On October 2, over 10,000 Mexicans mobilized in the capital Mexico City to commemorate 51 years of the massacre of Tlatelolco and demand justice for the victims of state crimes. Survivors and family members of the victims along with members of several students’ organizations, social movements, human rights activists and political leaders, marched from the Three Cultures Square to the Constitutional Square demanding punishment for the perpetrators and against half a century of impunity enjoyed by armed forces officials.
At the Constitutional Square, one minute of silence was observed in memory of the victims. The survivors of the massacre addressed the multitude gathered in the main square and called on the people to continue struggling for a better and just Mexico.
Félix Hernández Gamundi, one of the leaders of the 1968 student movement, Committee 68, called on the citizens to remember the lessons of the movement of 68, such as “knowing the importance of unity, solidarity and camaraderie, recognizing everyone’s right, understanding the difference, diversity, that each partner is important.”
On October 2, 1968, around 10,000 university and high school students gathered in the Three Cultures Square in the Tlatelolco area of Mexico City to peacefully protest the Summer Olympics scheduled to happen in Mexico City in the following week. At this time, student movements were blossoming across the globe, including Mexico. The Mexican government used heavy force to suppress the political opposition. Mexican police and military forces were deployed to repress the students’ demonstration, and they shot into a crowd of unarmed civilians, killing more than 300 innocent students. In addition, thousands of students were beaten, arrested and many disappeared.

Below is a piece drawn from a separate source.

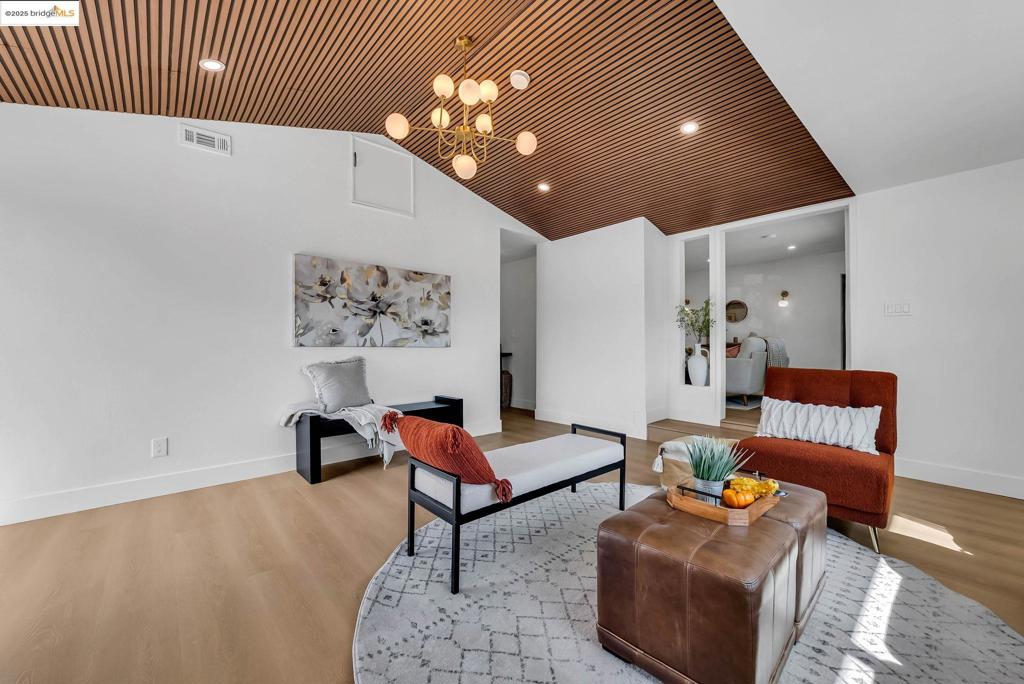 LORENZO VILLAGE - Residential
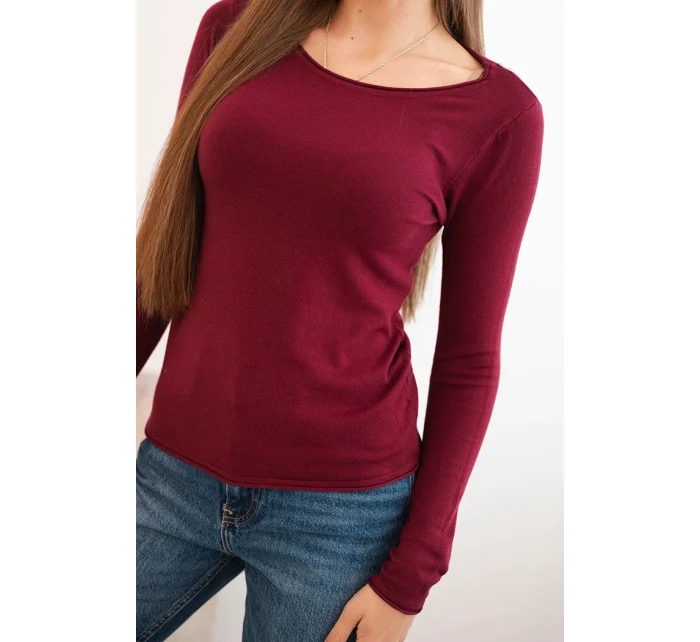 Dámsky viskózový sveter s okrúhlym výstrihom a priliehavým strihom bordovej farby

During the day clashes between protesters and police were registered at the May 5 Avenue. The officials of Secretariat of Public Security (SSP) closed in on a group of youth, sprayed them with tear gas and made several arrests.

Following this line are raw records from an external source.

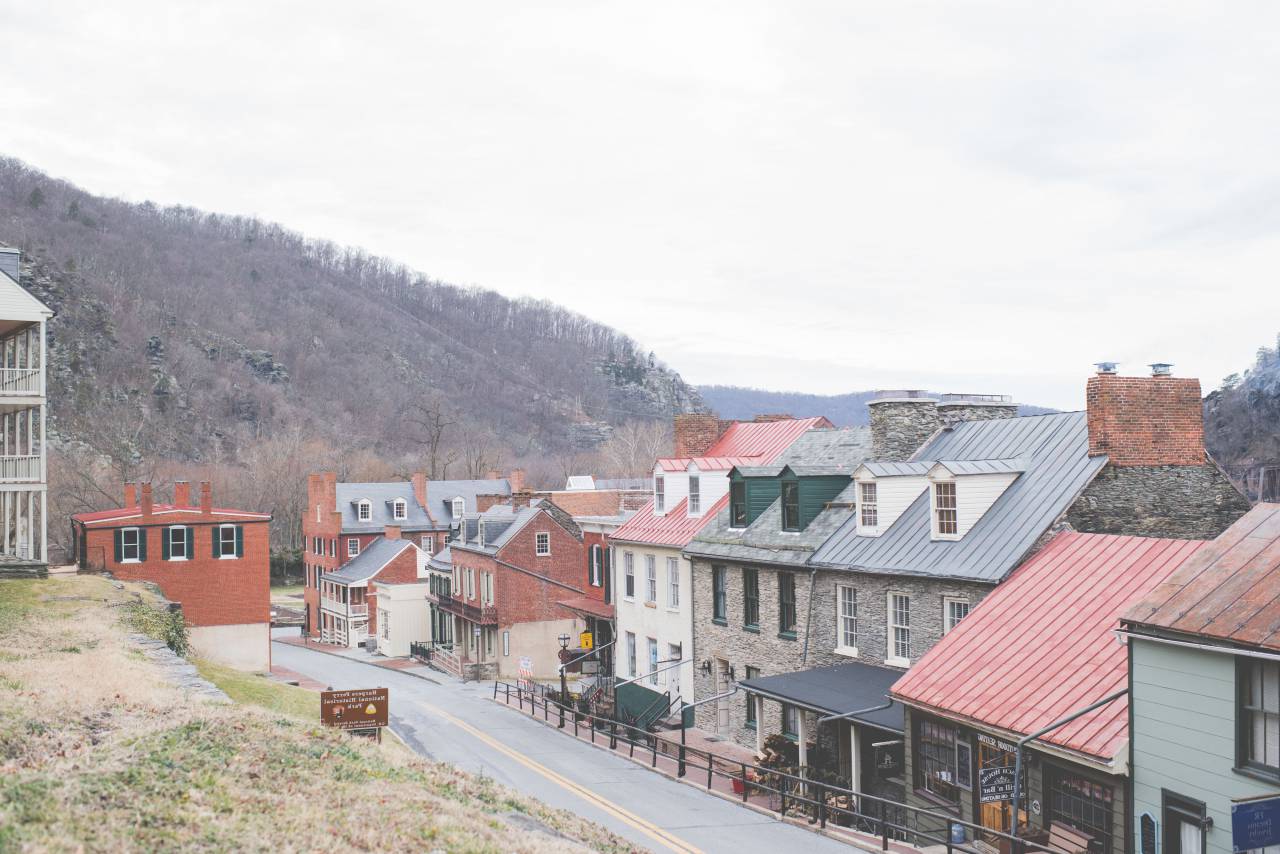 architecture, building, infrastructure, structure, establishment, village, subdivision, house, nature, road
, 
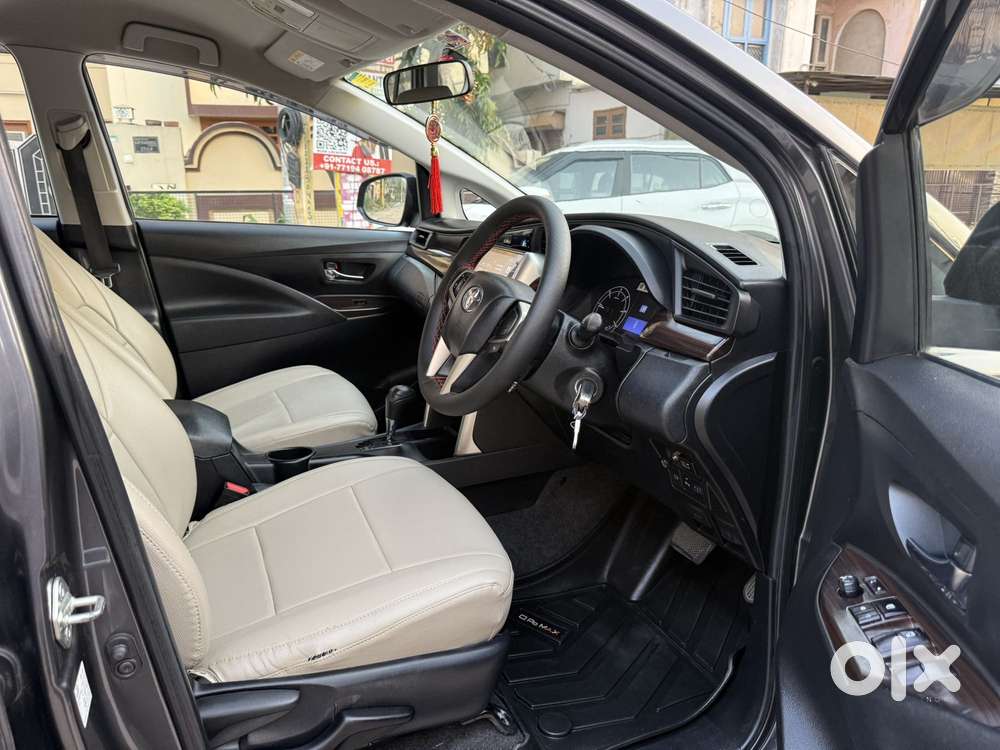Toyota Innova Crysta [2020-ongoing] 2.4 Gx At 7 Str, 2022, Diesel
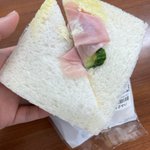 セブン以外のサンドイッチだけど…たまたまだと思うけど具が少なかった!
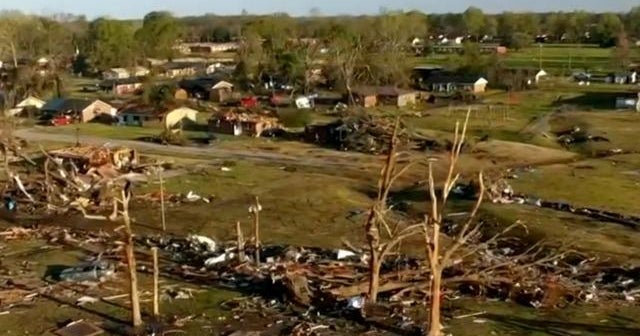 Mississippi town destroyed by tornado rampage - CBS News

The students committee of the National Autonomous University of Mexico (UNAM) denounced that several students who took part in the march “were victims of repression, violence and violations of human rights by ‘non-uniformed public servants’”. The Committee 68 also denounced aggression by the SSP police who were not uniformed and made arbitrary arrests.
The city government reported that 14 people were injured during the commemorative march. Out of the total number of injured people, three were transferred to hospital.